“If it bleeds it leads,” I thought as my professor barricaded me and 20 other students in her office; an armed man was running around our college town’s sewage system, and we were locking down. Emergency alert texts from Indiana University warned that he could emerge from the storm drain by the building we were in. 

It’s an unsavory fundamental of journalism: You run toward the bloodshed while everyone else tries to escape it. As a young journalist, I’ve reported consistently on gun violence. But now, it was my turn to hide. 

Students look at their phones while locked down inside a professors' office
The writer took this photo in her professor’s office during the lockdown.
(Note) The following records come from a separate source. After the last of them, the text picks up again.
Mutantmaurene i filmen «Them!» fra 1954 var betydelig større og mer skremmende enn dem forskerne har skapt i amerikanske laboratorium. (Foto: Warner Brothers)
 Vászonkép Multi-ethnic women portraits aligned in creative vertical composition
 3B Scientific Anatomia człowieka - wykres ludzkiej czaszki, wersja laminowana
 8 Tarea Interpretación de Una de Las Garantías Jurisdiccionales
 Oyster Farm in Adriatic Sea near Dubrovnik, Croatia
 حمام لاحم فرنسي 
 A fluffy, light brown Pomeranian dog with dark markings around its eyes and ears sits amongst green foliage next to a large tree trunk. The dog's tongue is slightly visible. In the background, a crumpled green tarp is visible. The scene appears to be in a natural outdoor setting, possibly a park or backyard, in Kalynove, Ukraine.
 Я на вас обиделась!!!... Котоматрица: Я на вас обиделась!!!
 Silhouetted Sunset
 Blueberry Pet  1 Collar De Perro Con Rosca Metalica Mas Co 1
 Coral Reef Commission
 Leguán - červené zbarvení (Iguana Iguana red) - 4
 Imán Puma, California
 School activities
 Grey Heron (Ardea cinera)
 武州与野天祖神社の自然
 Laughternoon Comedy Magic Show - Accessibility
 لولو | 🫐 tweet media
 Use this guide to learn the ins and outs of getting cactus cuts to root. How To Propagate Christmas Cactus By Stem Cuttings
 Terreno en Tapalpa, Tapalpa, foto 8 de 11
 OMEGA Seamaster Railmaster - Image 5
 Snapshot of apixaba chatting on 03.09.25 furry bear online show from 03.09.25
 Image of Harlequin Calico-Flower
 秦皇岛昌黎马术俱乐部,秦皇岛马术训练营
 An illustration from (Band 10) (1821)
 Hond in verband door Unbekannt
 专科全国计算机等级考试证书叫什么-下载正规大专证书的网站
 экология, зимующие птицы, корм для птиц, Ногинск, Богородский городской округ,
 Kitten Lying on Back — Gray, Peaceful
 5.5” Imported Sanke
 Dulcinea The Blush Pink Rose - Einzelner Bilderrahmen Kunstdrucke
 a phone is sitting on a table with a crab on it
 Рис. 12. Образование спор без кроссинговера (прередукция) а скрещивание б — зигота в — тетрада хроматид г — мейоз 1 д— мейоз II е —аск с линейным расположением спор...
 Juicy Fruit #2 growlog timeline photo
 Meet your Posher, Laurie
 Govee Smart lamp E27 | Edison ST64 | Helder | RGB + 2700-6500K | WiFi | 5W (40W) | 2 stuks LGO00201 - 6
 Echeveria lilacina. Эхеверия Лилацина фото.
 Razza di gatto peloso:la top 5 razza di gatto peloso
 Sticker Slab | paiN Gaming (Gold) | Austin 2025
Courtesy of Mary Claire Molloy

The air was warm, almost sticky from our collective breath. Every head was down, sending or receiving updates, scouring social media for tidbits of information, anything about this potential shooter’s location. At one point, a photo of a man on Snapchat holding a large gun stirred the room. Only later did we find out he was a member of law enforcement, not the barefoot, half-naked suspect in the sewer. But in that moment, we knew nothing except Columbine, Sandy Hook, Parkland, Uvalde. These shootings follow a script, and Bloomington, Indiana, might have been the next line in the never-ending story of American carnage.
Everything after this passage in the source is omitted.